Caption-style text data
====

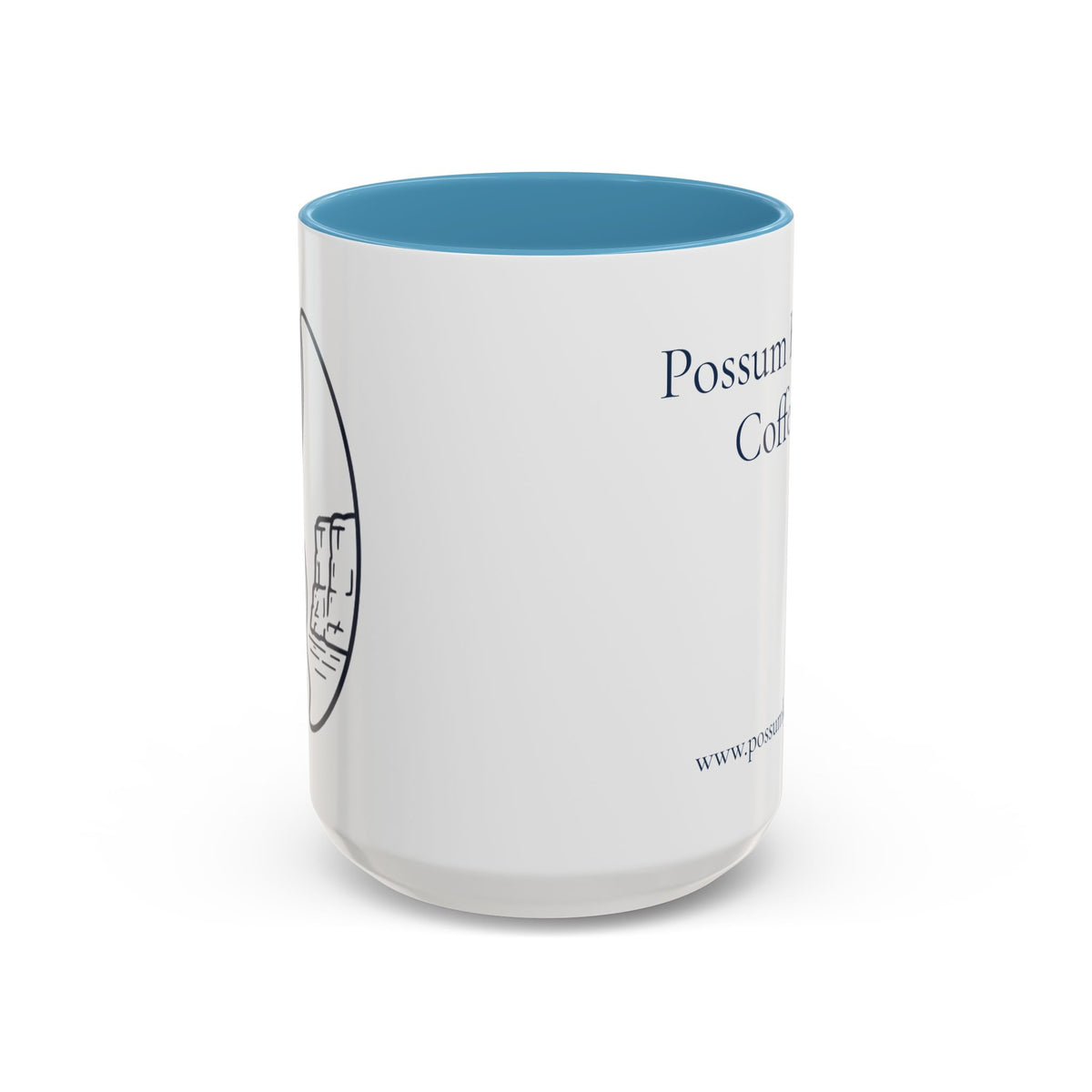 Possum Kingdom Coffee Co. Accent Coffee Mug (11/15oz)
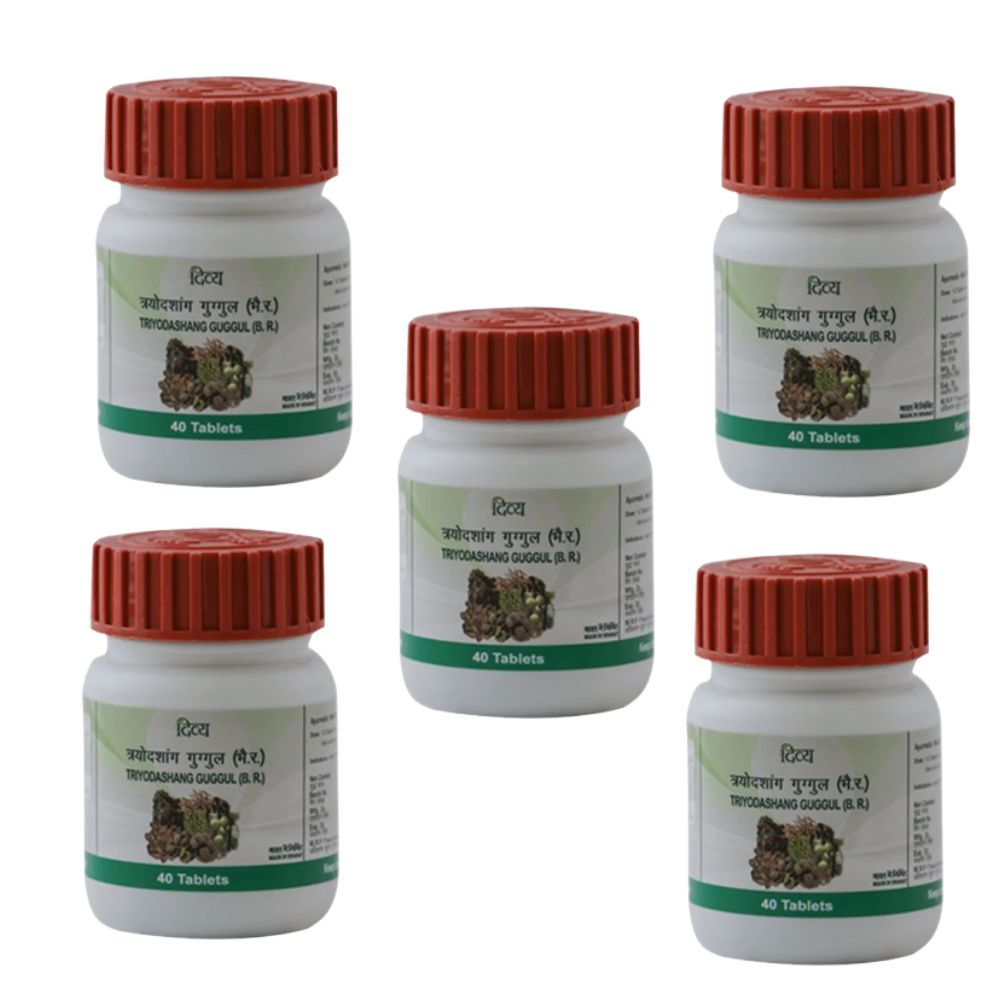 Patanjali Triyodashang Guggul - safuroncart Patanjali Triyodashang Guggul - safuroncart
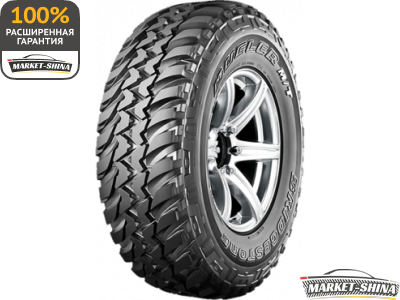 Bridgestone Dueler M/T 674 245/70 R17 119Q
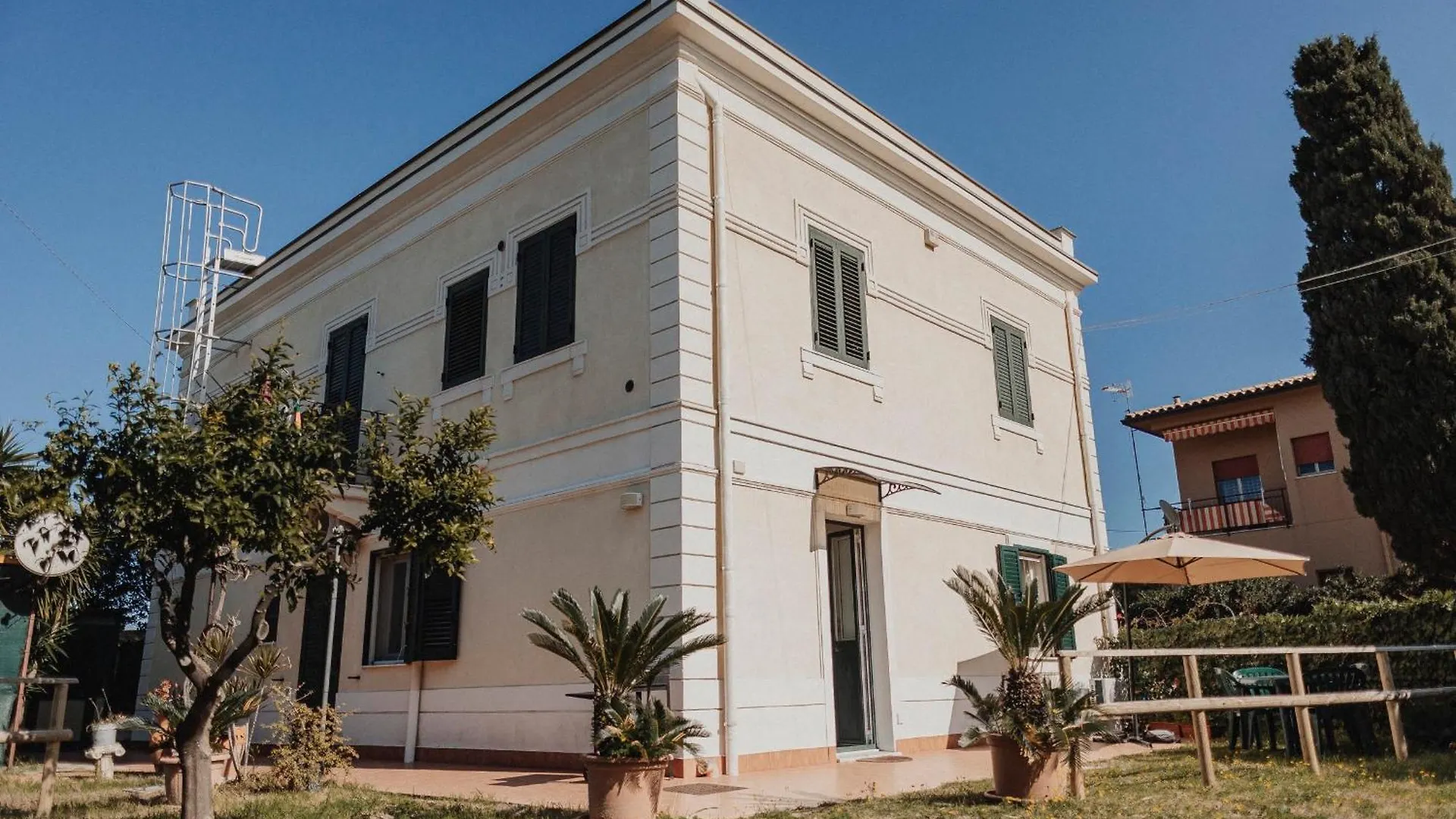 Holiday home Il Giardino Degli Angeli Villa Cefalu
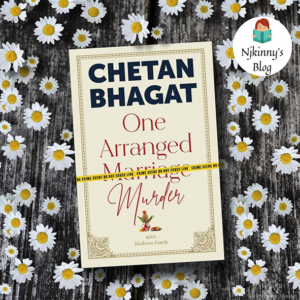 chetan bhagat one arranged marriage murders book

====

Work request: Print only the lines from the one with "Holiday home Il" through the last line of the data above, exactly and with both ends, and please omit any pictures.

Answer section:
 Holiday home Il Giardino Degli Angeli Villa Cefalu
 chetan bhagat one arranged marriage murders book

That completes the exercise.